## [EXERCISE DETAILS]
Once the pictures are set aside, repeat all of the data below exactly.

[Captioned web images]
—————

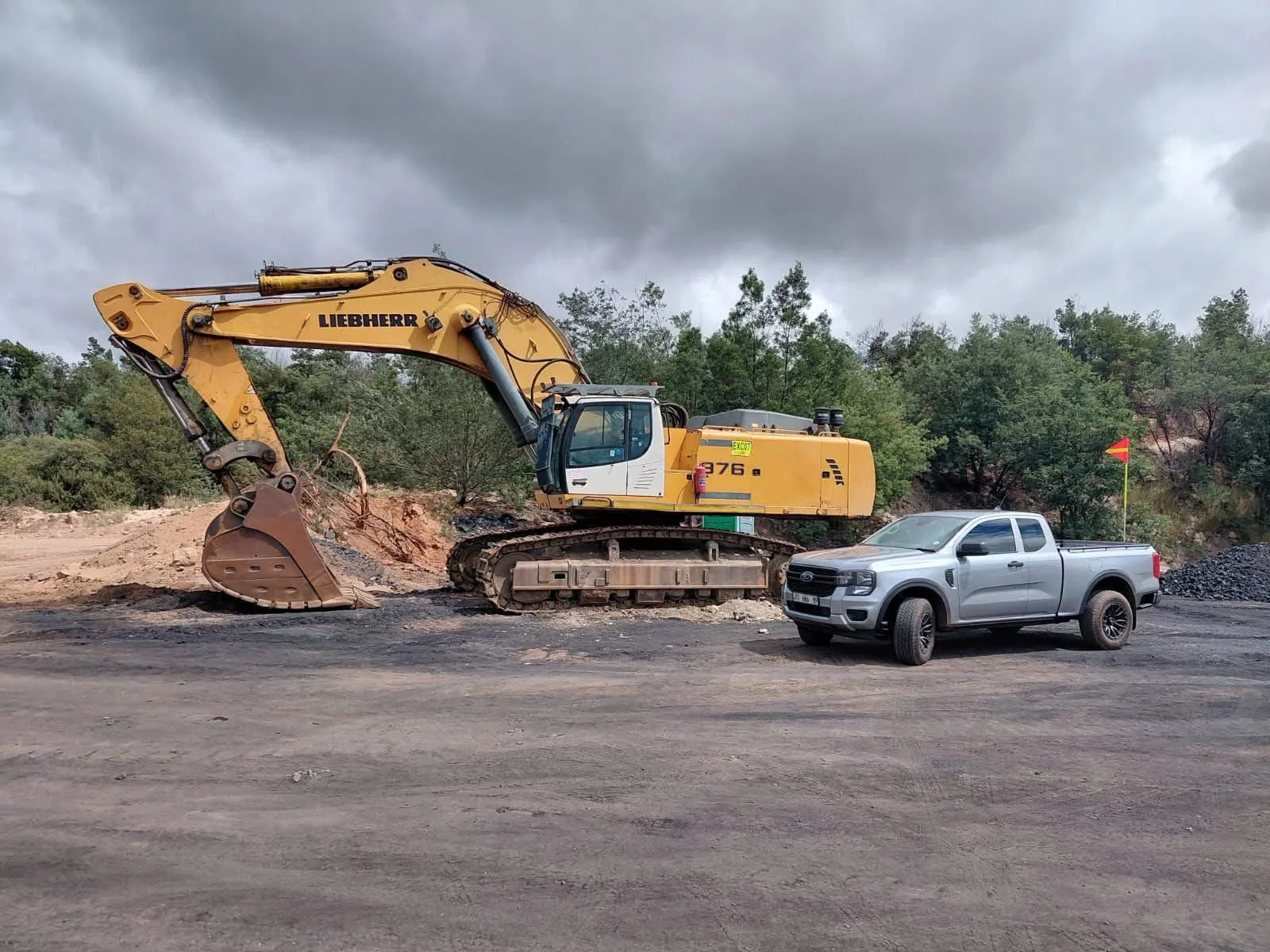 A Liebherr R976 tracked excavator parked beside a service vehicle on a haul road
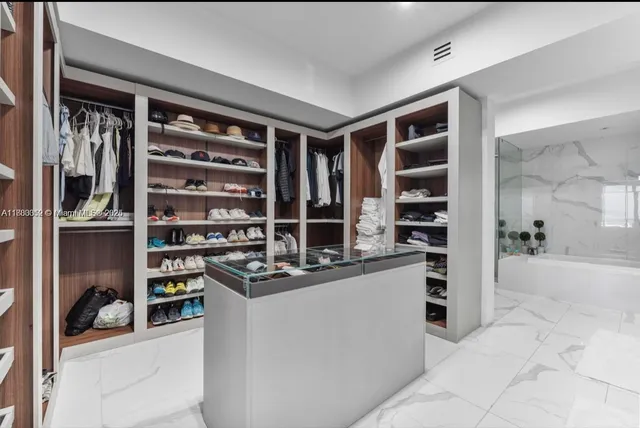 a bathroom with a sink toilet a mirror and shower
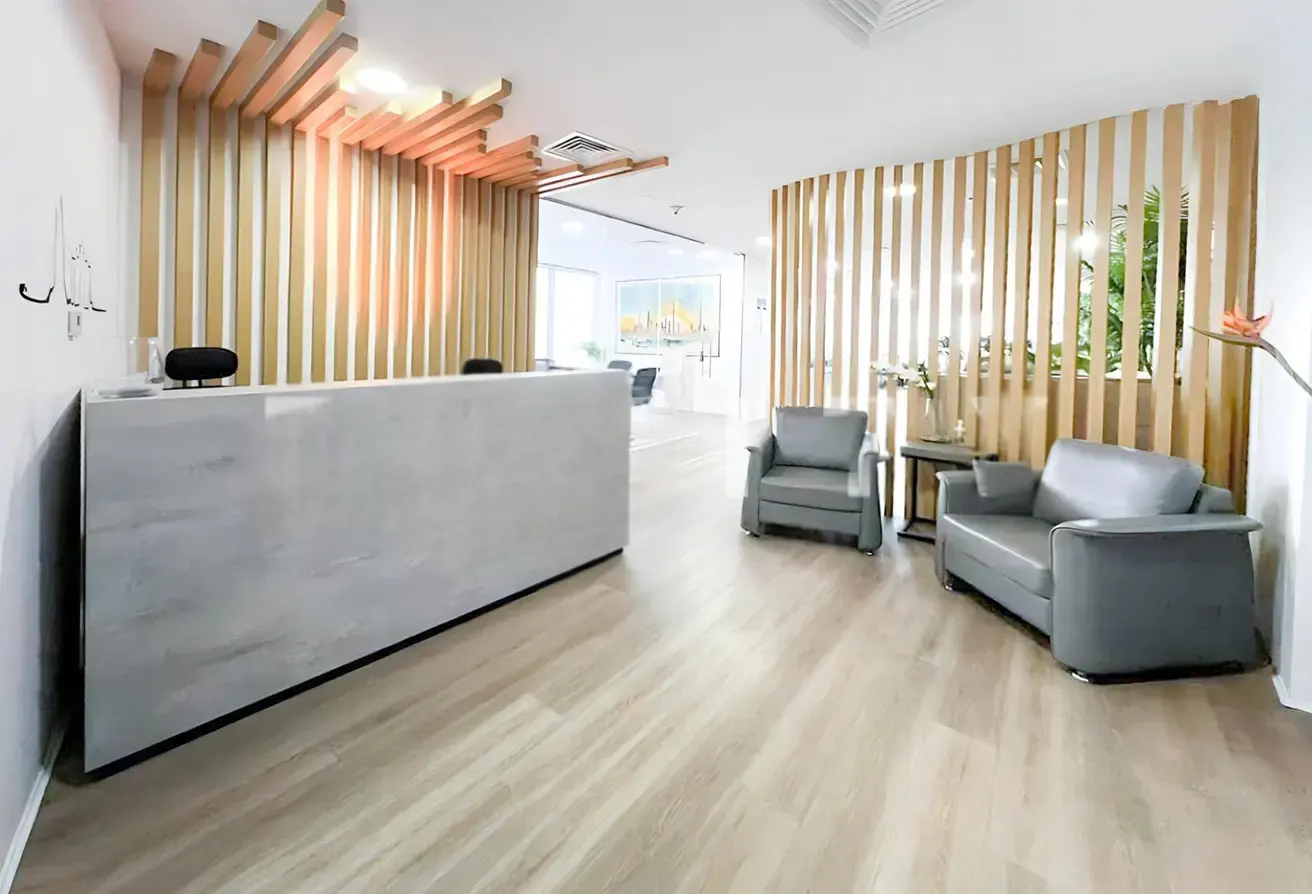 Modern office reception area with a gray desk, wooden slats on the walls and ceiling, and gray seating.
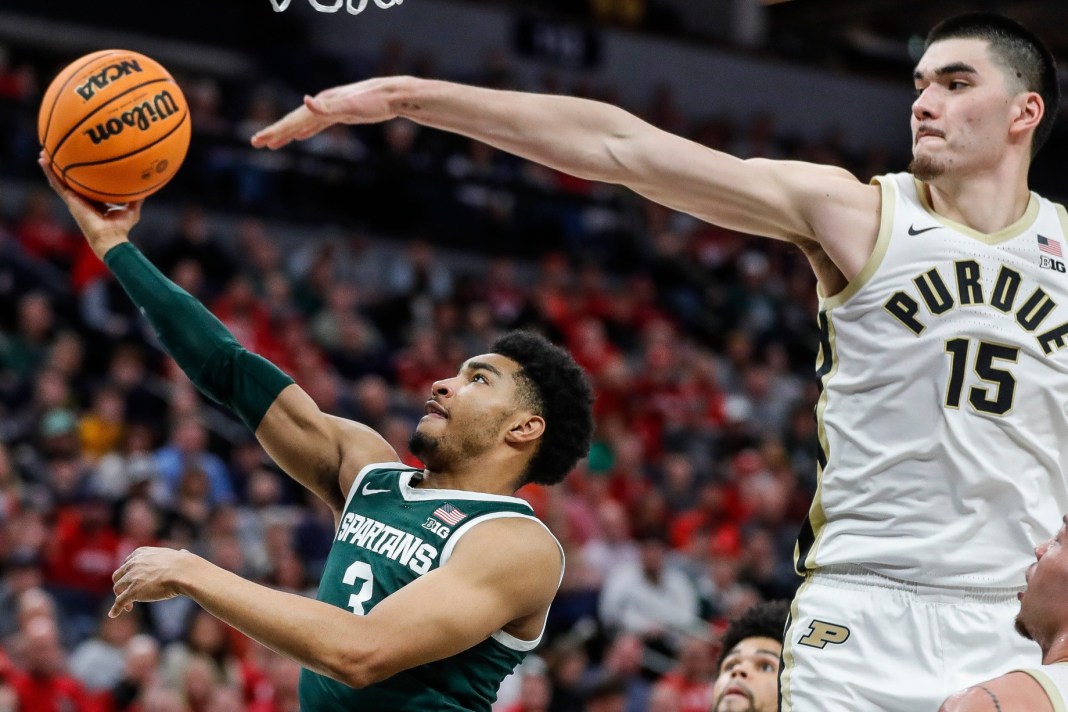 Michigan State guard Jaden Akins (3) makes a layup against Purdue center Zach Edey (15) during the second half of quarterfinal of Big Ten tournament at Target Center in Minneapolis, Minn.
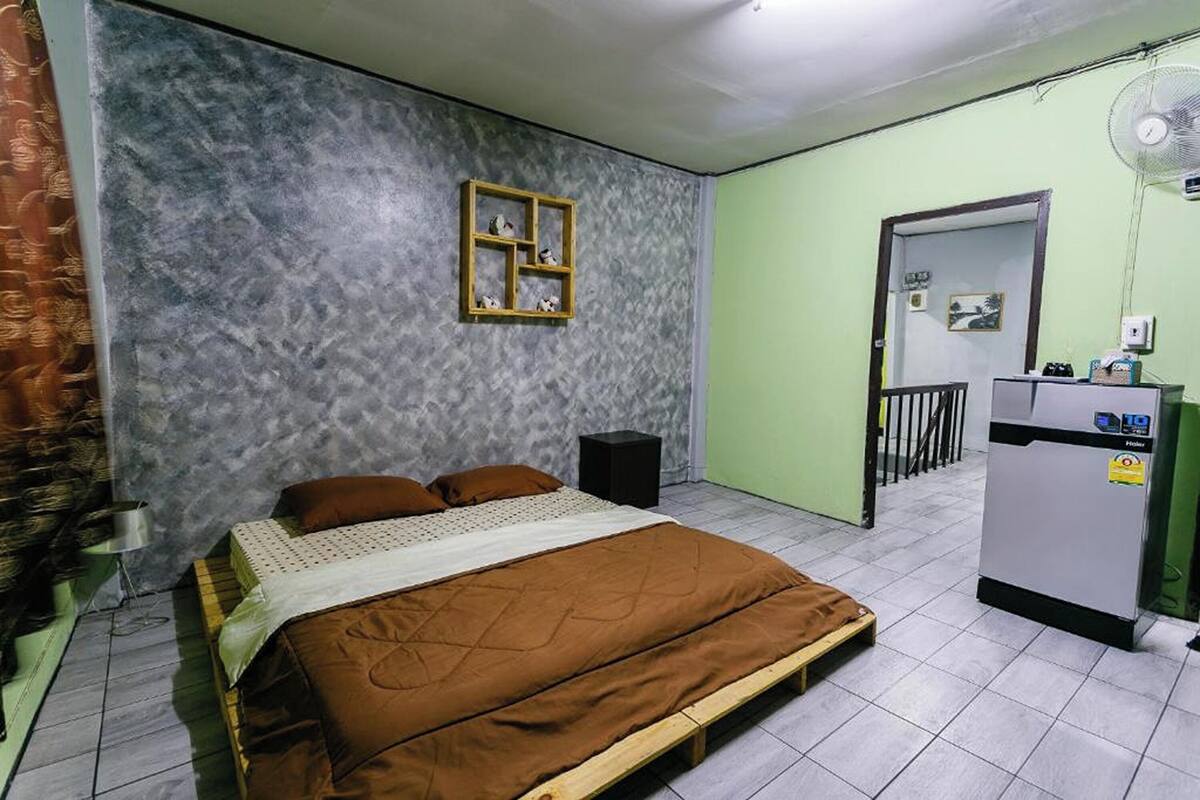 A bedroom with a bed, a small table, a fan, and a wardrobe.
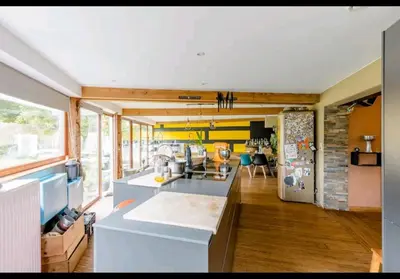 a kitchen with a counter and a refrigerator at Gee is Sharing her home in Liège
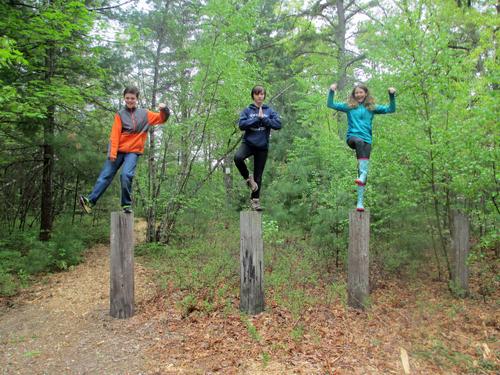 Ben, Sara and Mia frolic at Ponemah Bog in southern New Hampshire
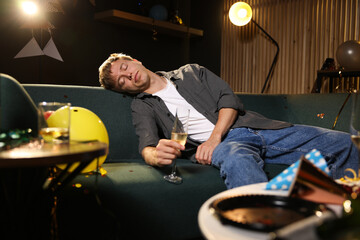 Man with glass of alcohol suffering from hangover on sofa in messy room after party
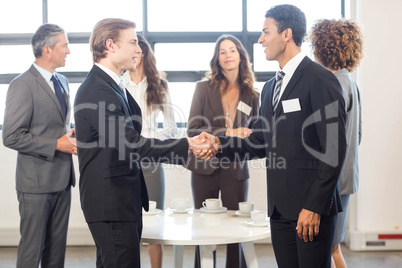 Businessman interacting with his team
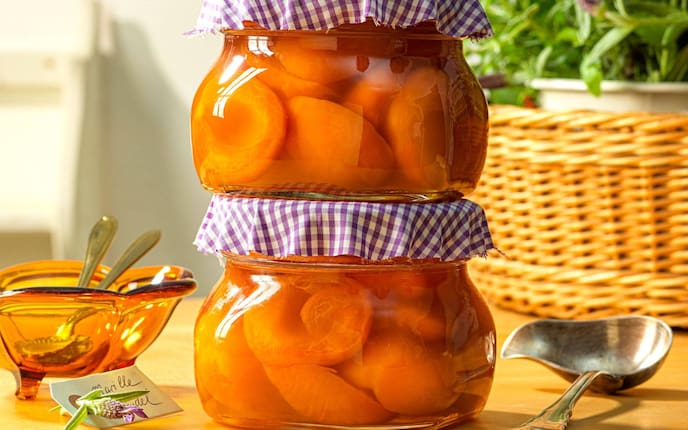 Marillenhälften zwei aufeinandergestapelten Einmachgläsern mit Stoffdeckel (violett kariert). Daneben liegt eine alte Suppenkelle ein orange, geschwungene Glasschüssel mit Löfferl. Dahinter steht verschwommen ein großer Korb mit Lavendel.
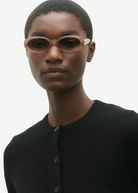 KABE SHOP INC Valentina oval sunglasses in translucent blush acetate worn by a model in a black cardigan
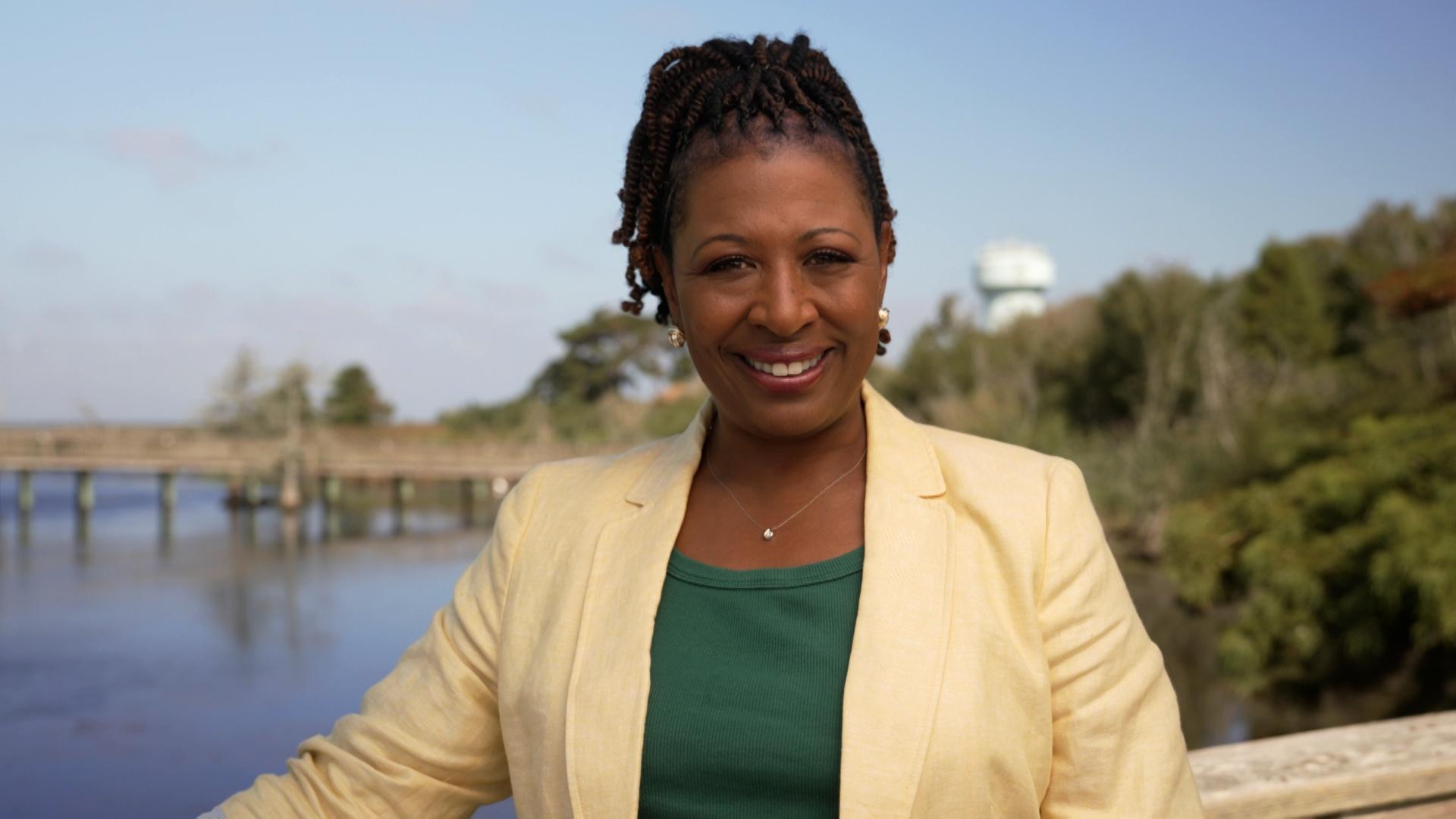 Host of NC Weekend Deborah Holt Noel in front of a pier in Duck, NC.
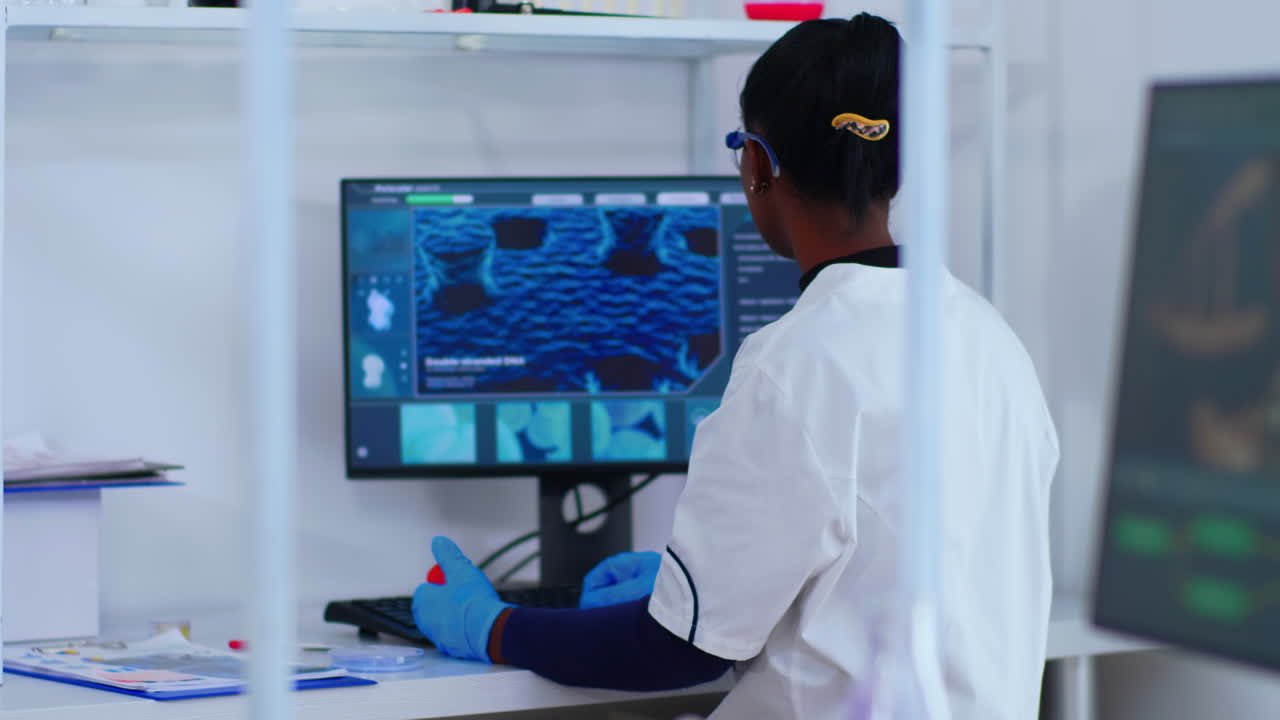 African chemist nurse writing on computer analysis results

—————

## [TASK OUTPUT]
 A Liebherr R976 tracked excavator parked beside a service vehicle on a haul road
 a bathroom with a sink toilet a mirror and shower
 Modern office reception area with a gray desk, wooden slats on the walls and ceiling, and gray seating.
 Michigan State guard Jaden Akins (3) makes a layup against Purdue center Zach Edey (15) during the second half of quarterfinal of Big Ten tournament at Target Center in Minneapolis, Minn.
 A bedroom with a bed, a small table, a fan, and a wardrobe.
 a kitchen with a counter and a refrigerator at Gee is Sharing her home in Liège
 Ben, Sara and Mia frolic at Ponemah Bog in southern New Hampshire
 Man with glass of alcohol suffering from hangover on sofa in messy room after party
 Businessman interacting with his team
 Marillenhälften zwei aufeinandergestapelten Einmachgläsern mit Stoffdeckel (violett kariert). Daneben liegt eine alte Suppenkelle ein orange, geschwungene Glasschüssel mit Löfferl. Dahinter steht verschwommen ein großer Korb mit Lavendel.
 KABE SHOP INC Valentina oval sunglasses in translucent blush acetate worn by a model in a black cardigan
 Host of NC Weekend Deborah Holt Noel in front of a pier in Duck, NC.
 African chemist nurse writing on computer analysis results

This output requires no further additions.